You are viewing a plain text version of this content. The canonical link for it is here.
Posted to dev@mahout.apache.org by Ted Dunning <te...@gmail.com> on 2009/08/31 08:55:21 UTC

issues found

I just did an exercise of implementing a faster sparse vector.  In the
process, I uncovered a bunch of warts.  I will be filing some Jiras and
patches as soon as I can get to them, but here is a preview:

a) most serialization code for vectors would write vectors with null names
out as if they had names of "".  This causes grief in tests and seems wrong.

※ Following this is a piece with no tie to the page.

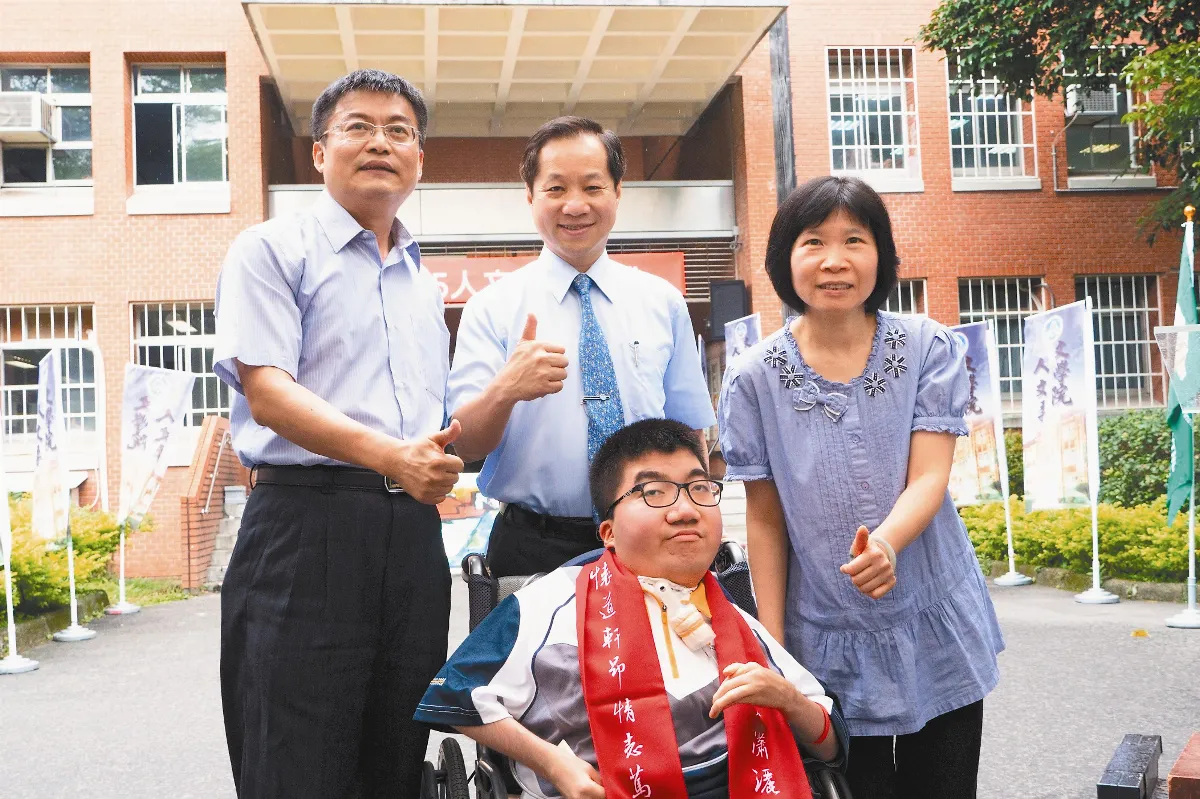 克服身障 葉冠宏領書卷獎報母恩
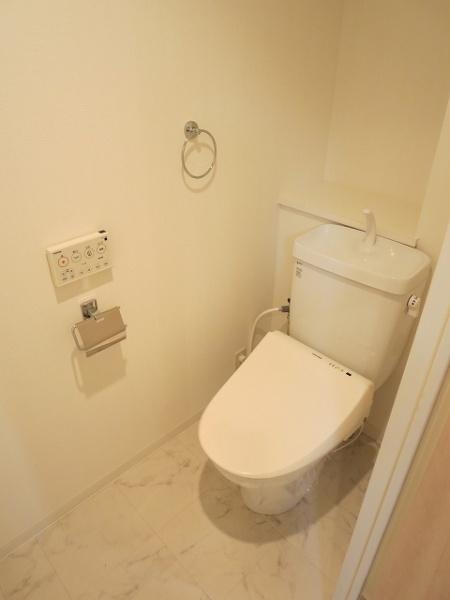 中央区新川１丁目のマンション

b) the Vector/SparseVector hierarchy was oddly split out.  I added a
HashVector and moved the current SparseVector into IntDoubleMappingVector
with SparseVector remaining as an abstract class.  This unfortunately caused
lots of upheaval even up into the Vector class.  I have yet to sort this out
cleanly.

c) the squared distance functions were defined in multiple places.  I
centralized these into SquaredEuclideanDistance as a static function.  These
definitions also were wrong and would ignore any components that had
opposite sign and equal magnitude.  In fixing this, I went ahead and wrote
an implementation that makes use of any sparsity present.  To do that, I
added a method to Vector so that I could tell if a vector is sparse.  This
subsumes all of the distance optimizations that we have discussed.  It also
makes it very easy for new code to use these optimizations without knowing
about them.

d) the nonZeroIterator had to be substantially refactored to work in an
abstract class without knowing to much about the internals of everything.

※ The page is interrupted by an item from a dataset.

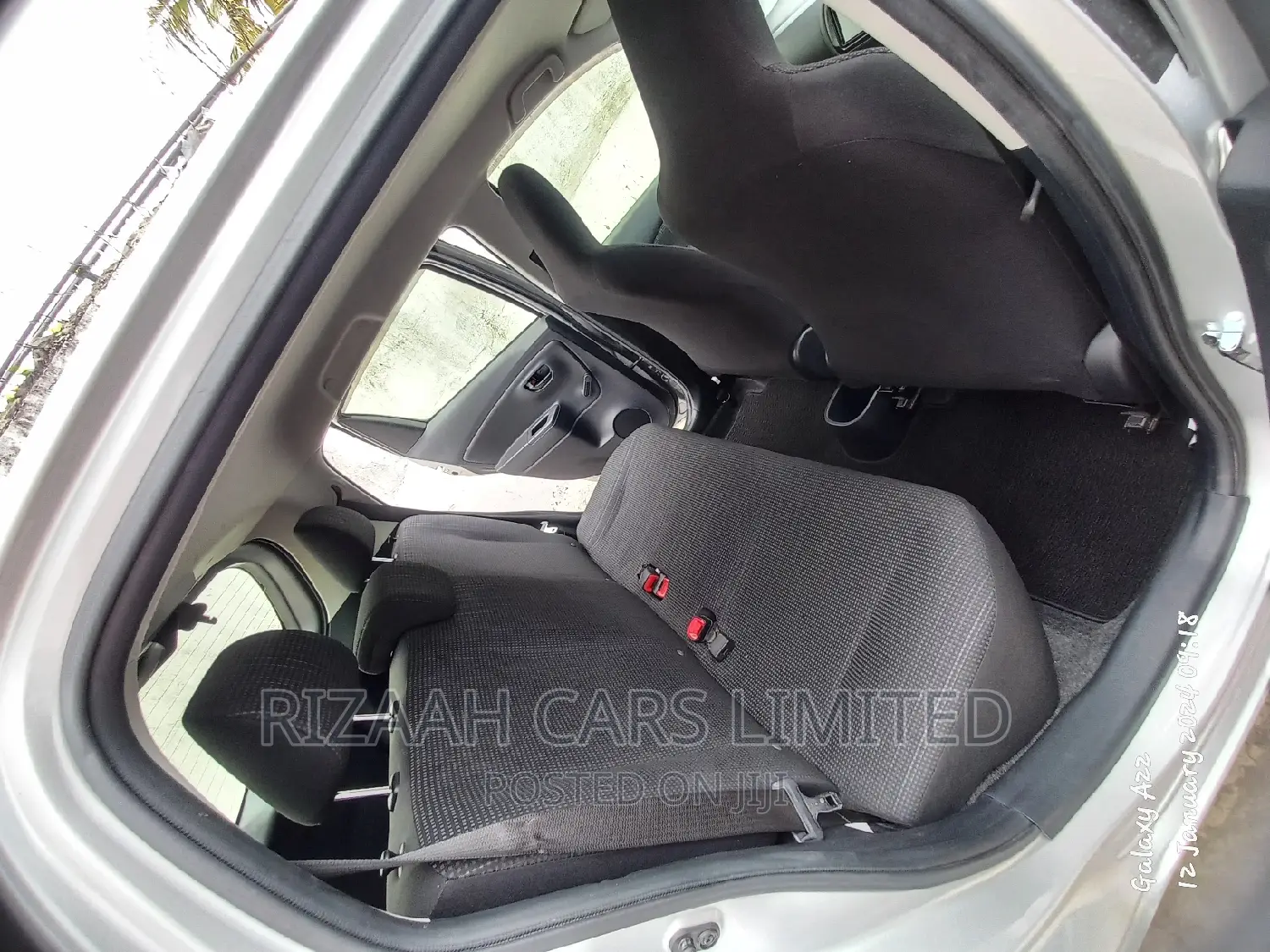 Toyota Vitz 2017 Silver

e) in order ot make sure that all metrics worked reasonably with all types,
I have heavily refactored the testing structure for metrics.  I will be
doing more of this as well.  The goal is to test all vector types against
all distance metrics to make sure that they give the same results as
DenseVector.  Then, I will build tests for DenseVector to verify that it
produces the correct result.  This is important because so many vectors have
special code to help metric computation.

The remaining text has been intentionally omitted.